Decoding RMT Symbols from RX to NEC Data
When receiving, the IR demodulator (e.g., TSOP) outputs a signal where ‘low’ usually means IR with carrier was detected, and ‘high’ means no IR. The RMT RX channel captures the durations of these low and high pulses.
The decoding logic involves:
- Identifying the leader pulse (a long low pulse followed by a specific duration high pulse).
- Sequentially analyzing subsequent pulse pairs (low then high) to determine if they represent a logical ‘0’ or ‘1’ based on their durations.
- Validating the address and command by checking against their inverted counterparts.
- Detecting repeat codes by their unique shorter structure.
The idle_threshold_us in rmt_rx_channel_config_t is crucial to determine the end of a transmission. filter_en and filter_threshold_us can help reject noise.
Practical Examples
We’ll use GPIO pins for IR LED output and TSOP input. Remember to use an appropriate current-limiting resistor for the IR LED (e.g., 100-220 Ohms for a standard IR LED connected to a 3.3V GPIO). A TSOP receiver typically requires VCC (3.3V or 5V depending on model), GND, and its output connected to an ESP32 GPIO.

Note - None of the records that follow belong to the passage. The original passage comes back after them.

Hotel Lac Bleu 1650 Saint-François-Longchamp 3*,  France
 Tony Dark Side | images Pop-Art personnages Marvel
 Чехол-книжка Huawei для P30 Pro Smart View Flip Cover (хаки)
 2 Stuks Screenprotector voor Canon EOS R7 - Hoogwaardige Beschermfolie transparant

Example 1: NEC IR Transmitter
This example will transmit a hardcoded NEC address and command.
1. Hardware Setup:
- Connect an IR LED to
IR_TX_GPIO_NUM. Anode to GPIO (via resistor), Cathode to GND. - You can observe the output with an IR receiver module connected to another ESP32 or an oscilloscope with an IR sensor.
2. Project Setup:
Ensure rmt component is in CMakeLists.txt.
3. Code (main/ir_nec_tx_main.c):
C
#include <stdio.h>
#include "freertos/FreeRTOS.h"
#include "freertos/task.h"
#include "esp_log.h"
#include "driver/rmt_tx.h"
#include "driver/gpio.h"
#include "ir_nec_encoder.h" // We will create this helper header/source
// Define NEC timing constants (in microseconds for 1MHz RMT resolution)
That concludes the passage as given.